Butternut Squash Pie

BUTTERNUT SQUASH PIE

Thanksgiving is on the horizon and we are getting ready.  The flavors of fall are all around us. Squash is one of our favorites.  My husband remembers fondly when he was a kid and his mother used to make Bird's Eye frozen squash in a double boiler.  She would heat that frozen block of deliciousness and serve it with a little butter.  Yum!  While reminiscing about that squash recently, he asked me if I could make a butternut squash pie.  I said sure!  I've made pumpkin pies and butternut is very similar so I knew I could do it.  Below is the resulting pie and the recipe.

Olivia and I went over our Thanksgiving lists today to review who is making what.  I can't wait to make the dishes I'm responsible for making.  We will be having turkey, dressing, sweet potatoes, mashed potatoes, mixed vegetable casserole, broccoli casserole, green bean casserole, cheese biscuits, pie, etc.  I know it sounds like a lot of food, but the leftovers are wonderful and last for days.  If we come up with some new variations on our old themes we will share them with you.  If you have a simply wonderful holiday recipe you would like to share, we would love to hear from you.  Half the fun of the holidays is finding new foods, flavors, and ideas to share!
-Nanette

1 chilled unbaked 9 inch pie shell
1 medium to large butternut squash
1 cup brown sugar firmly packed
3 large eggs
3/4 cup evaporated milk
1/4 tsp. ground ginger
1/4 tsp. ground nutmeg
1/1/2 tsp. ground cinnamon
1/4 tsp. salt
2 T. flour
1 T. butter melted
1 1/2 tsp. vanilla

Cook the squash either in the oven the microwave, or peel and steam.  When it is soft, scoop out 1 1/2 cups of squash.

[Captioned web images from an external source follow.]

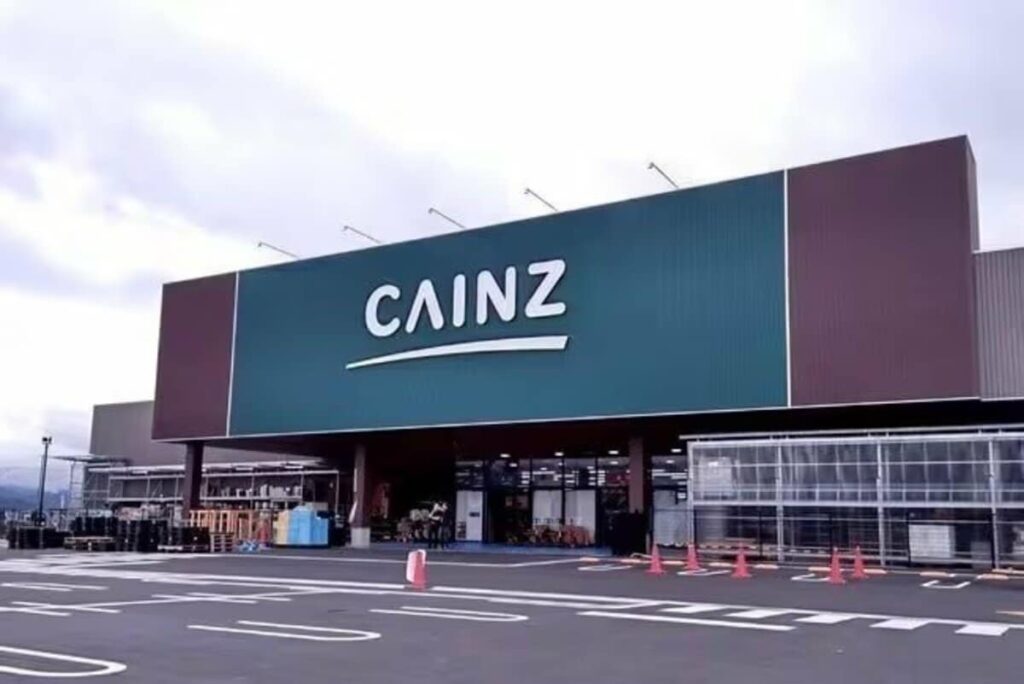 カインズの巣と話題の「くつろぎクッション」が12800円!ネコや犬と一緒にごろごろ沼る人が続出【Xで1.3万いいね】 170cmのサイズ感で全身すっぽり!カバーが洗えてポケット付きの優れものは自分だけの癒やし空間に最適 | LIMO | くらしとお金の経済メディア カインズの巣と話題の「くつろぎクッション」が12800円!ネコや犬と一緒にごろごろ沼る人が続出【Xで1.3万いいね】 170cmのサイズ感で全身すっぽり!カバーが洗えてポケット付きの優れものは自分だけの癒やし空間に最適 | LIMO | くらしとお金の経済メディア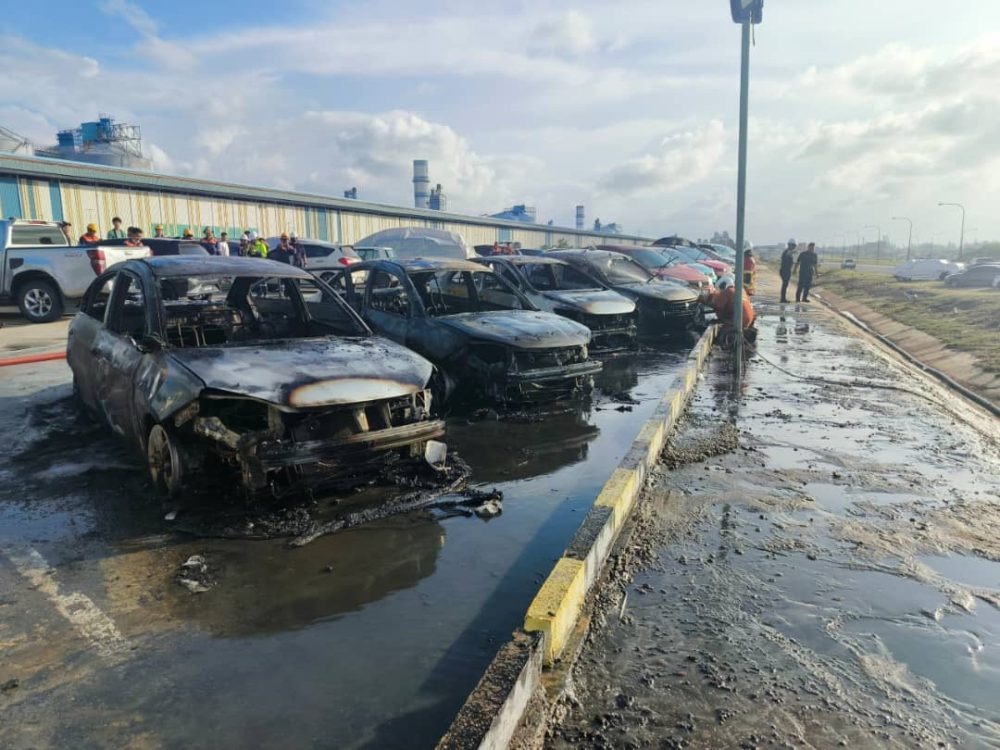 Car Catches Fire in Bintulu Factory Parking Lot, Guts Six Vehicles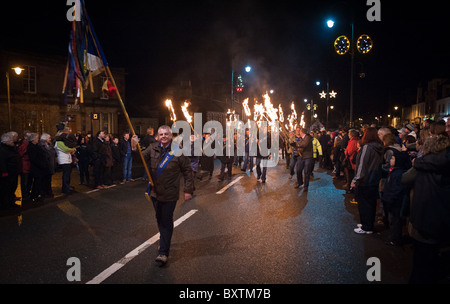 Défilé aux flambeaux à Biggar High Street, dans le South Lanarkshire, ÉCOSSE - avant l'allumage de la joie sur Biggar Hogmanay Banque D'Images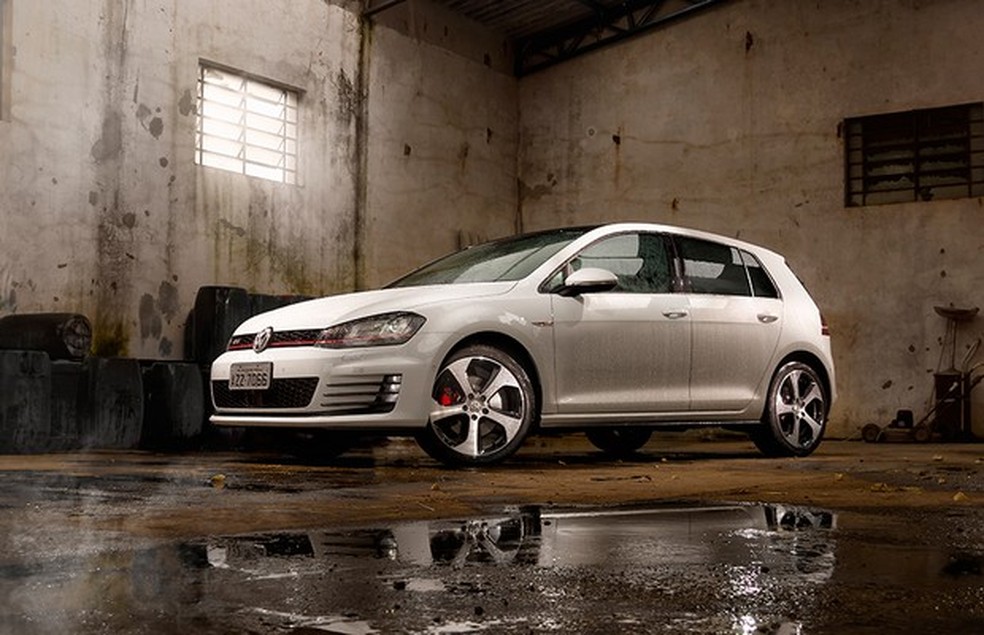 Rodas maiores, kit aerodinâmico e altura menor: o Golf GTI é o que posa melhor para fotos (Foto: Leo Sposito/Auto News Brasil) — Foto: Auto Esporte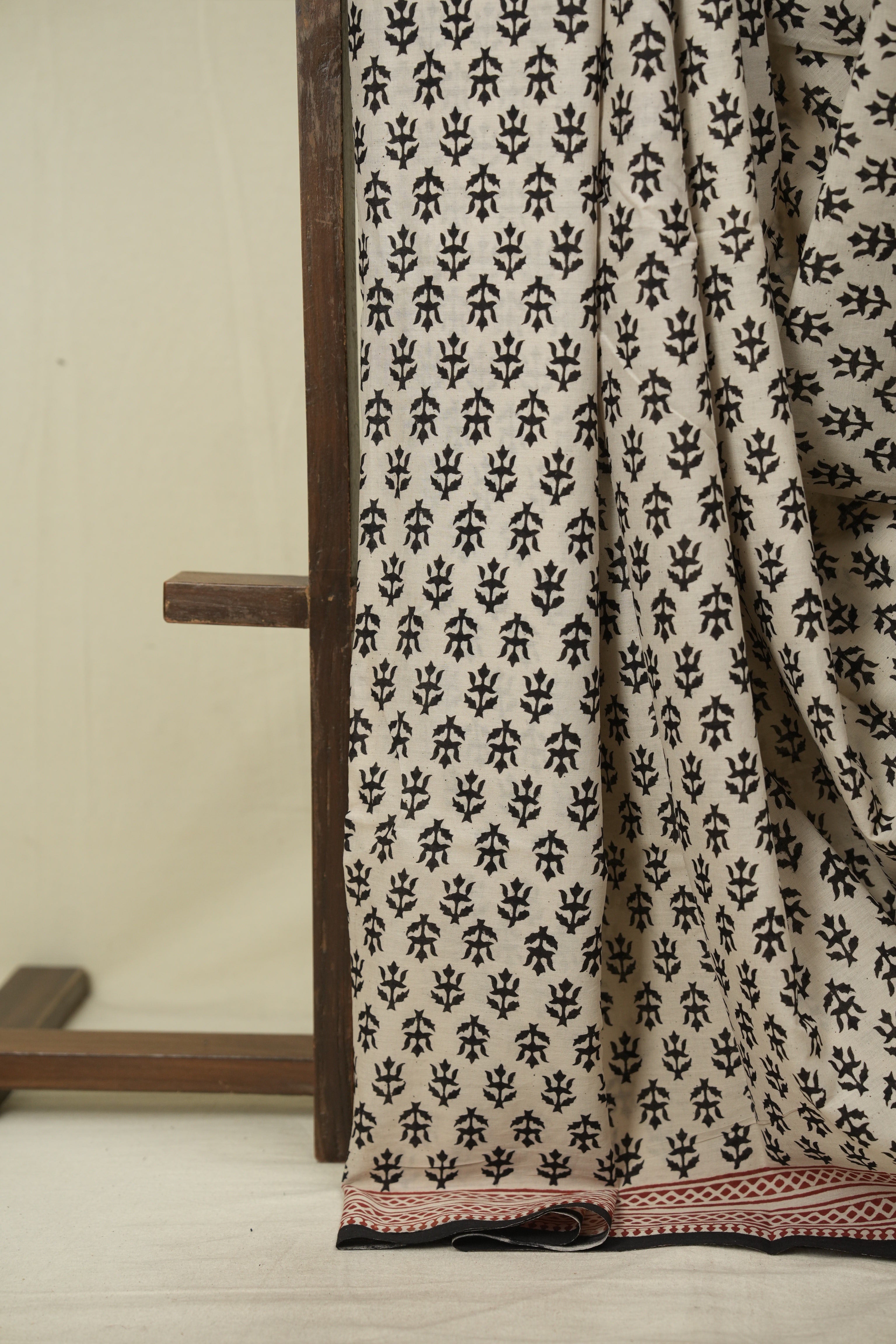 Off White HBP Cotton Saree - SROWCS3679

Discard peel.   Place squash in large bowl and let it cool slightly.  Add milk, eggs, salt, flour, butter, spices, and vanilla.  Beat until it is smooth.  Pour the filling in the pie shell.  If you have too much filling, but the leftover filling in a ramekin and bake with the pie.  It is yummy even out the pie shell.  Bake for 35 minutes at 350 degrees and then pull it out and check it.  If a knife inserts and comes out clean, it is done.  If not, put some foil around the edges of the crust to keep it from burning and put the pie back in for about 10 minutes until it is done.  Serve warm or cold and with whipped cream if you like.  Enjoy!